WESTMINSTER will today be challenged to return the right to work for asylum seekers 15 years after stripping it away.

It has been against the law for those applying for sanctuary in the UK to enter paid employment since 2002, leaving would-be citizens reliant on state or charitable support.

Last month a paper by Warwick University found scrapping the rule could save tens of millions of pounds of public money.

Now Scots MP Alison Thewliss, a prominent campaigner on immigration, work and welfare issues, will call on ministers to overturn the rule.

The call follows work with a number of constituents in her Glasgow Central seat.

Yesterday Thewliss said: “For far too long, under successive governments, asylum seekers have too often been viewed with scepticism and treated with contempt. Today’s debate is a real opportunity to refocus and remember the origins of the word asylum – that is the protection granted by a state to someone who has left their home country as a political refugee.”

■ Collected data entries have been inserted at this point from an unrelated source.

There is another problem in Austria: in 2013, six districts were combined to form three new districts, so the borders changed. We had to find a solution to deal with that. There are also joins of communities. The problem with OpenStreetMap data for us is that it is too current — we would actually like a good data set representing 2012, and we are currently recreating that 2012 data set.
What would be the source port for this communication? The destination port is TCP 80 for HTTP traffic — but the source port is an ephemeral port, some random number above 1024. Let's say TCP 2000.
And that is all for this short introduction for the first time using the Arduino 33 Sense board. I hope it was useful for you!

She went on: “The increasingly poor treatment of asylum seekers and the removal of the most basic rights is nothing short of degrading and simply adds further misery to those who have fled persecution.

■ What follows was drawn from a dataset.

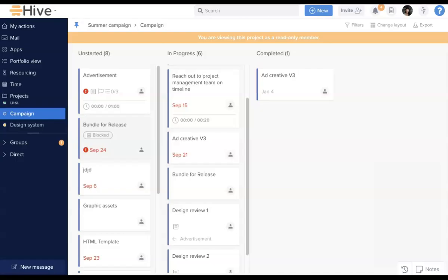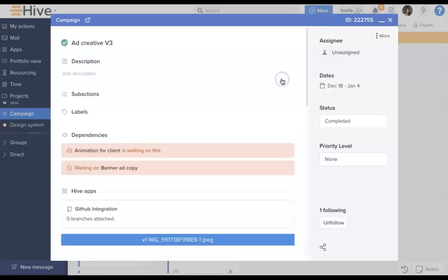Read Only members will see an orange bar at the top of the project, letting them know that they can't edit it. When they open an action card, they won't be able to change any of the details.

“I know from speaking to some of the asylum-seeking constituents I represent that life is made ever more difficult due to the draconian restrictions placed upon them by the UK Government. These restrictions range from the threat of detention right through to the ban on working.

“We know that permitting asylum seekers to work would allow them to integrate better into society, develop their English and make friends in what can often be a lonely and new environment. Many are professionals with skills they would love to put to use. This powerful working paper from Warwick University also sets out the significant savings that the government could make if it made a fairly modest change to the immigration rules.”

Thewliss will also use the debate to highlight the case of Olivier Mondeke Monongo, an assistant mental health nurse, court translator and Christian pastor denied citizenship as a result of volunteering with the British Red Cross and Bridgeton Citizens Advice in Glasgow.

As exclusively revealed in The National, he won right to remain but officials said the unpaid charity translation help for vulnerable people was a breach of immigration work rules and refused to give him the chance to become a British citizen due to his “bad character”.

The decision means he cannot take his five children on a foreign holiday until at least 2020, which is the earliest date that the decision can be reviewed under Home Office rules.

Thewliss said: “The Government views certain cases of volunteering as being a sign of ‘bad character’. This is absolutely ludicrous and I’ll be looking for answers from ministers.”